MAR. 24, 2003: IRAQI REALITY TV The question lingers: Why is Iraqi government television still able to broadcast? The “shock and awe” campaign was supposed to have left the symbols and mechanisms of Saddam’s power in ruins. How then can we expect his troops to mutiny or his forces to surrender if they are bombarded as often by Saddam’s televised propaganda as they are by coalition aircraft? The now-daily images of captured Americans gives credence to Iraqi claims that the coalition will not win. Everyone in Iraq must remember 1991 when we stopped short of Baghdad. Their choice is between a possible liberation by the coalition and the certainty of brutality if Saddam manages to survive. Saddam remains in power so long as he–or his minions–can broadcast his message. The “intelligence” we can garner from its broadcasts cannot be of much use. The fall of Iraqi television will hasten our victory. Why is it still broadcasting? We need to knock them off the air pronto.

We will have a few days to contemplate this because the weather has gone bad again. The forecast is for severe sandstorms in the next couple of days, which means progress on the ground will be slowed and helicopters won’t be able to operate in many areas. This will leave both sides with time to contemplate what comes next.

Coalition forces are less than fifty miles from Baghdad. Three Republican Guard divisions protect the approaches to Baghdad: the Medina in the west, the Baghdad in the south and the Alnedaa in the east. American, Brit and Aussie forces will take them on when the storms abate, but the air forces’ assault on them has–fortunately–already begun. It will continue even through the weather. Special forces operating in the area have been feeding their GPS data into the data banks in Tommy Franks’s HQ and in the AWACS air control aircraft. When the storms blow, the satellites are unaffected. The smart munitions dropped by our aircraft can find their targets in the weather.

General Tommy Franks has finally bitten the bullet and recognized that the three remaining Republican Guard Divisions need to be hit long and hard from the air before any major ground assault. Yesterday’s helo operation–which proved the Apache Longbow a great helo, but not up to the role of bombers–went bad because the Buffs, B-1s, and B-2s hadn’t been there first. It also went bad because–according to one source–the Army helo drivers weren’t using their connection to Air Force JSTARS aircraft. JSTARS–a battle manager–provides detailed info on what the bad guys have, where they have it, and where it’s going. Why the Army helo guys weren’t joined at the hip to JSTARS is something Gen. Franks should be worried about.
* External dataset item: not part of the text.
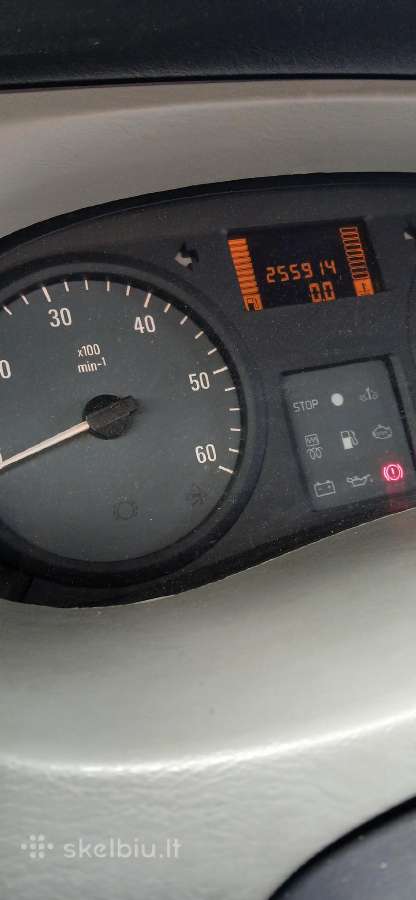 Opel Vivaro 2005, 2,5l 99kw/135ag - nuotraukos Nr. 16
It has taken less than a week to reach Baghdad, where the Republican Guards will stand and fight, at least for a while. They will surround themselves with civilian hostages, fake surrenders and kill our men whenever and however they can. Now is the time and this is the place for “shock and awe.” Let them sit there for a few days, under an unrelenting bombardment. There will be some civilians killed, but the blood of those civilians will be on Saddam’s hands, not ours. I–for one–am unwilling to pay the butcher’s bill that could result from much infantry and some armor assaulting the well-dug-in Republican Guard, manning positions they have had a decade to prepare. That sort of idiocy went out with the battles of Verdun, and the Marne, didn’t it? We must make sure it did. With apologies to the Bard: cry havoc, and let loose the dogs of air war. For a few days, at least. And for heaven’s sake, knock that damned TV station off the air.